— WORK TO BE COMPLETED —
Repeat the listing word for word. No pictures belong in the copy.

— INFORMATION SHOWN —
══════════

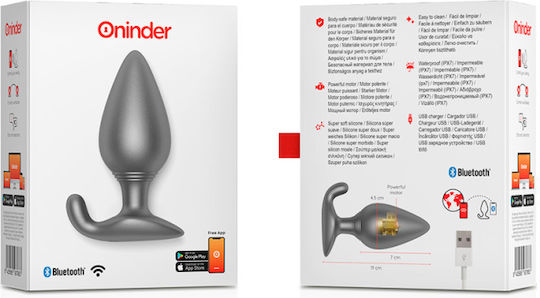 Oninder Anal Plug with Wireless Functionality and Vibration Large Black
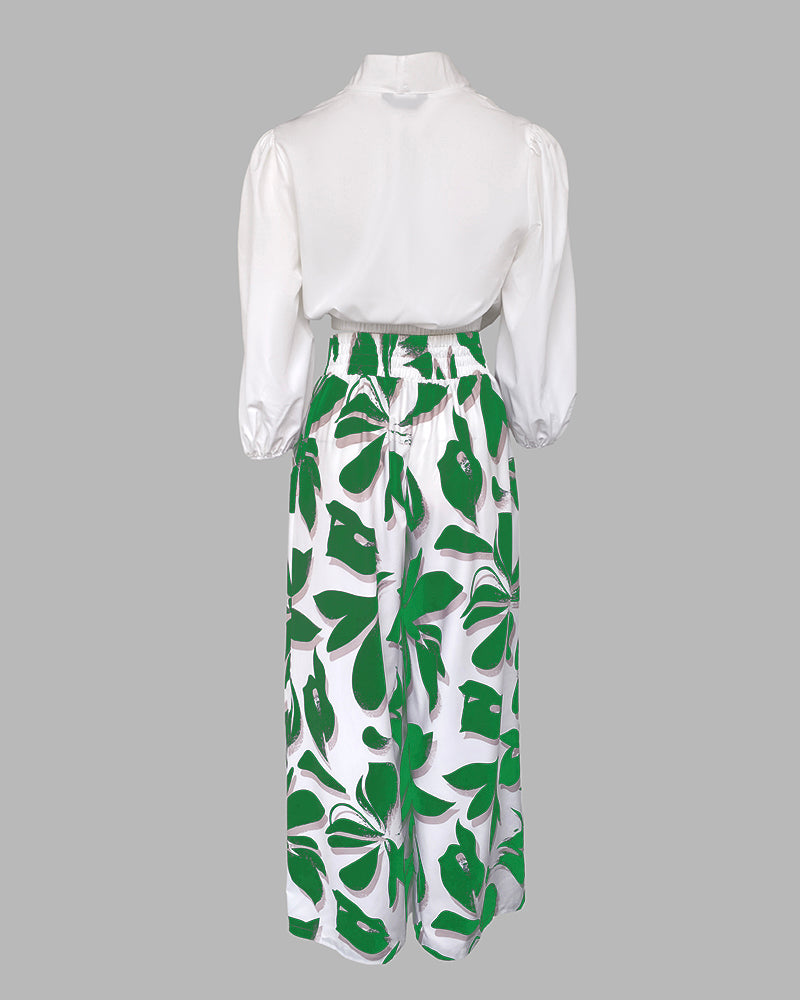 2 Pieces Outfit Wrap Plunge V Neck Crop Blouse and Casual Floral Print Wide Leg Pants Set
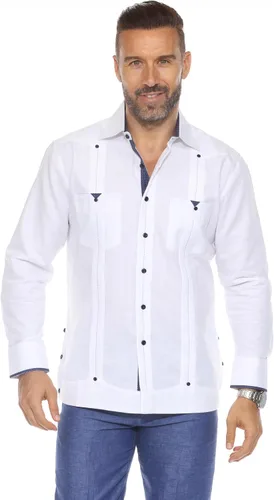 Vista 3 de Mojito Collection Camisa de guayabera 100% lino para hombre de manga larga con acento estampado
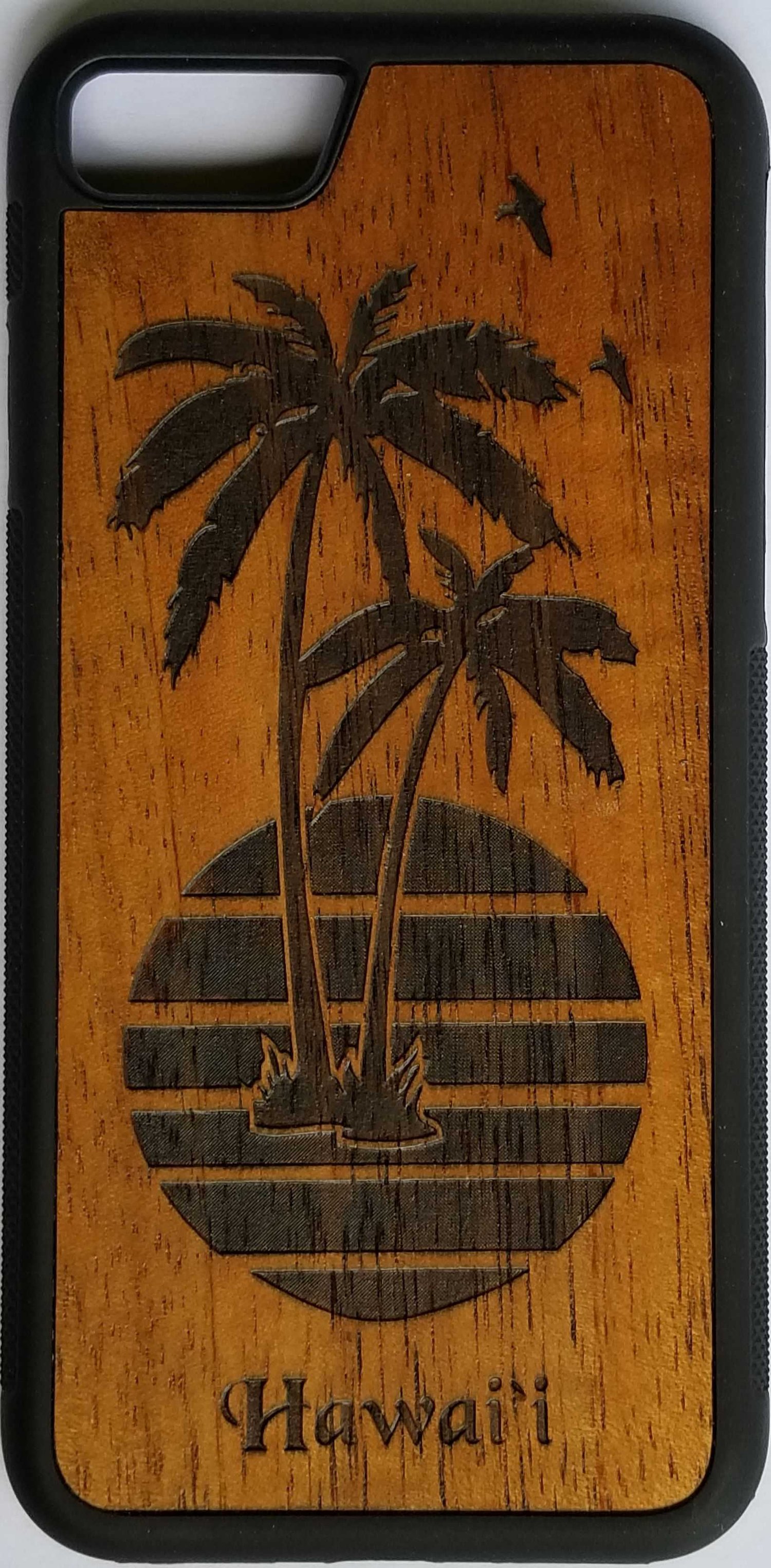 Image of Palms with Sun Koa wood phone case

══════════

— TASK OUTPUT —
 Oninder Anal Plug with Wireless Functionality and Vibration Large Black
 2 Pieces Outfit Wrap Plunge V Neck Crop Blouse and Casual Floral Print Wide Leg Pants Set
 Vista 3 de Mojito Collection Camisa de guayabera 100% lino para hombre de manga larga con acento estampado
 Image of Palms with Sun Koa wood phone case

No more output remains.